A Resurgence of Unaccompanied Alien Children?

In the first seven months of FY2016, apprehensions of unaccompanied alien children (UAC) at the U.S.-Mexico border have approached levels close to what they were in FY2014 when such migration flows reached what were characterized as "crisis" proportions.

Unaccompanied alien children are statutorily defined as children who lack lawful immigration status in the United States, are under age 18, and lack a parent or legal guardian in the United States or a parent or legal guardian in the United States who is available to provide care and physical custody. They most often arrive at U.S. ports of entry or are apprehended along the U.S.-Mexico border. Less frequently, they are apprehended in the U.S. interior and determined to be juveniles and unaccompanied. UAC treatment and processing in the United States are governed by several statutes and a legal settlement.

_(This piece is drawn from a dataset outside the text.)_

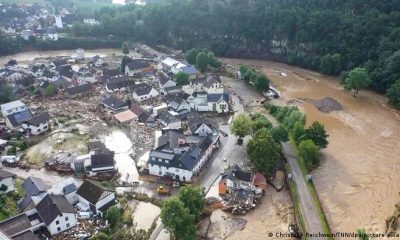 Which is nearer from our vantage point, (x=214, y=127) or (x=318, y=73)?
(x=214, y=127)

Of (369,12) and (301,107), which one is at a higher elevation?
(369,12)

Between FY2011 and FY2014, apprehensions of unaccompanied alien children at the U.S.-Mexico border increased each year: from 16,067 in FY2011 to 24,481 in FY2012, 38,759 in FY2013, and 68,541 in FY2014 (Figure 1). At the close of FY2014, the Border Patrol had apprehended more UAC than in any of the previous six years and close to four times as many as in FY2011.

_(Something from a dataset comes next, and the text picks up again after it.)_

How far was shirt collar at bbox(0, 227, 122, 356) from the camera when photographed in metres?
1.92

After reaching a peak in FY2014, total UAC apprehensions dropped to 39,970 (a 42% decline) in FY2015. Yet, in the first seven months of FY2016 they numbered 32,952, a figure close to the amount (36,280) for the same period of FY2014. In comparison, UAC apprehensions numbered 18,889 during the first seven months of FY2015.

Almost all apprehended unaccompanied children originate from Guatemala, Honduras, El Salvador, and Mexico (Figure 1). Flows of UAC from Mexico rose in FY2009 and have remained relatively steady. In contrast, the number of apprehended children from Guatemala, Honduras, and El Salvador increased beginning in FY2012. In FY2009, for example, Mexican UAC accounted for 82% of all 19,668 UAC apprehensions, while the three other Central American countries accounted for 17% of the total. By the end of FY2014, those proportions had almost reversed, with Mexican children comprising 23% of total UAC apprehensions (68,541) for that fiscal year and children from the three other Central American countries comprising 75%. That trend has continued. For all of FY2015 and the first seven months of FY2016, Mexican children comprised 28% and 21% of all UAC apprehensions, respectively.

Figure 1. UAC Apprehensions at the Southwest Border by Country of Origin, FY2008-FY2016

Sources: For FY2008-FY2013: U.S. Department of Homeland Security, United States Border Patrol, Juvenile and Adult ApprehensionsFiscal Year 2013. For FY2014-FY2016, Customs and Border Protection, "Southwest Border Unaccompanied Alien Children," http://www.cbp.gov/newsroom/stats/southwest-border-unaccompanied-children.

Notes: FY2016 figures represent seven months, from October 1, 2015, through April 30, 2016.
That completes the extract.